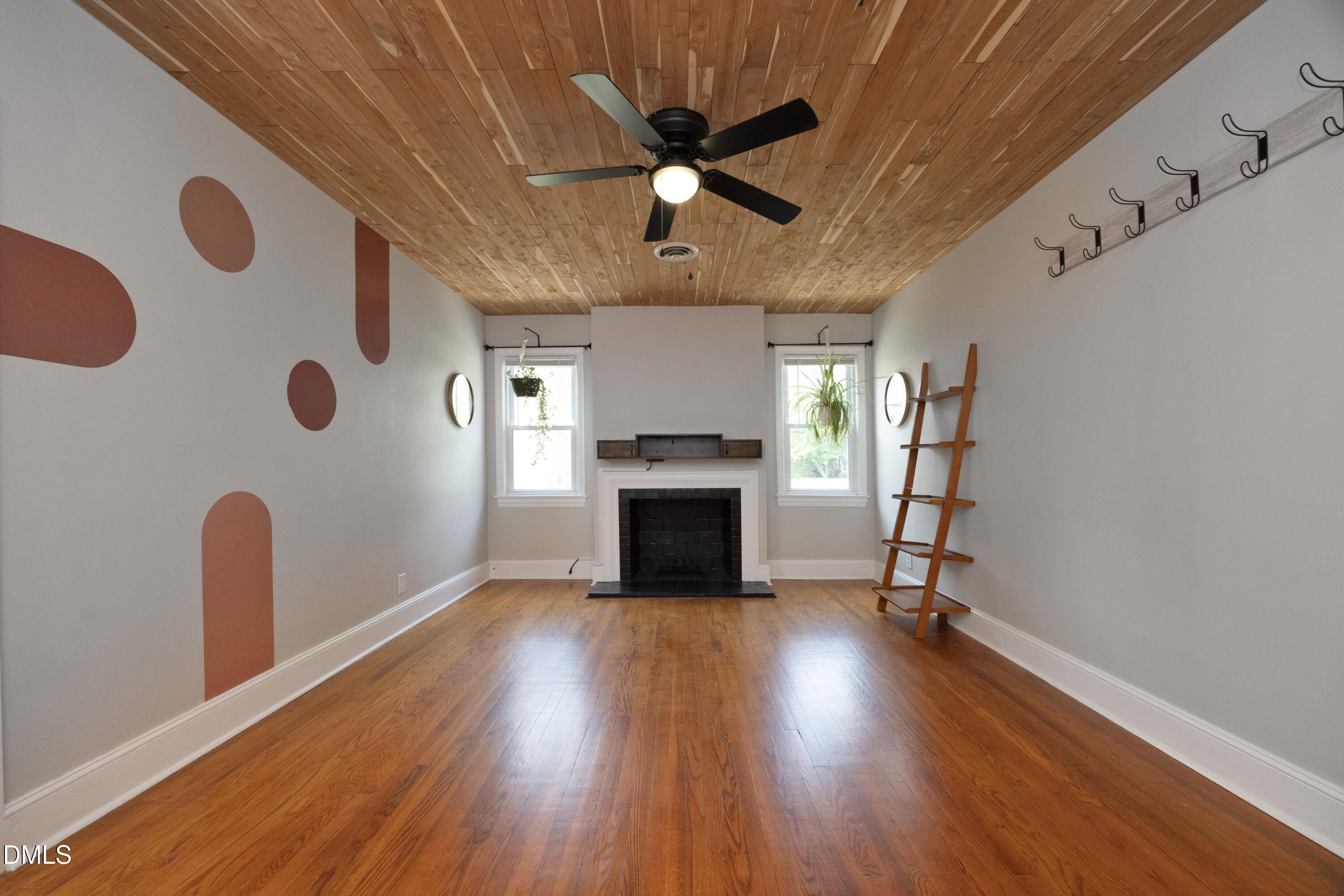 907 S 2nd Street Property Photo 2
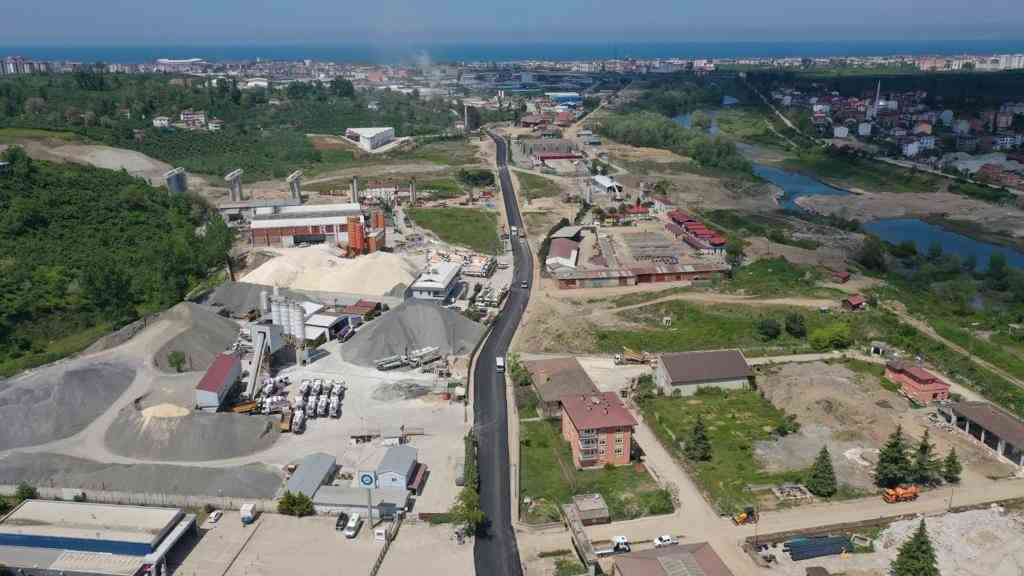 ALTINORDU’NUN EN SORUNLU GÜZERGAHINA BÜYÜKŞEHİR’DEN NEŞTER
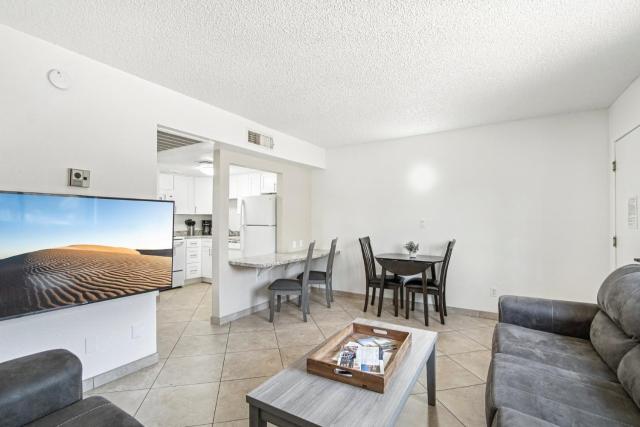 248 Fully Furnished 1BR Suite-Pet Friendly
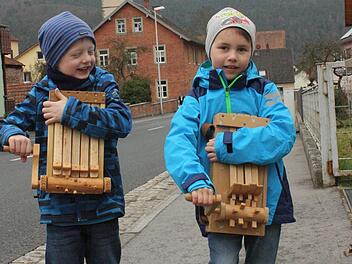 Sie probieren das altüberlieferte Klappern schon einmal aus und sind ganz stolz, auch die Klappern ihrer Väter benutzen zu dürfen: Nils Schmitt (5, links) und Yannik Metz (6). Foto: Arnold Nöth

PROBLEM REQUIREMENTS —
Please give back every line above exactly as it stands, without pictures.

EXERCISE OUTPUT —
 907 S 2nd Street Property Photo 2
 ALTINORDU’NUN EN SORUNLU GÜZERGAHINA BÜYÜKŞEHİR’DEN NEŞTER
 248 Fully Furnished 1BR Suite-Pet Friendly
 Sie probieren das altüberlieferte Klappern schon einmal aus und sind ganz stolz, auch die Klappern ihrer Väter benutzen zu dürfen: Nils Schmitt (5, links) und Yannik Metz (6). Foto: Arnold Nöth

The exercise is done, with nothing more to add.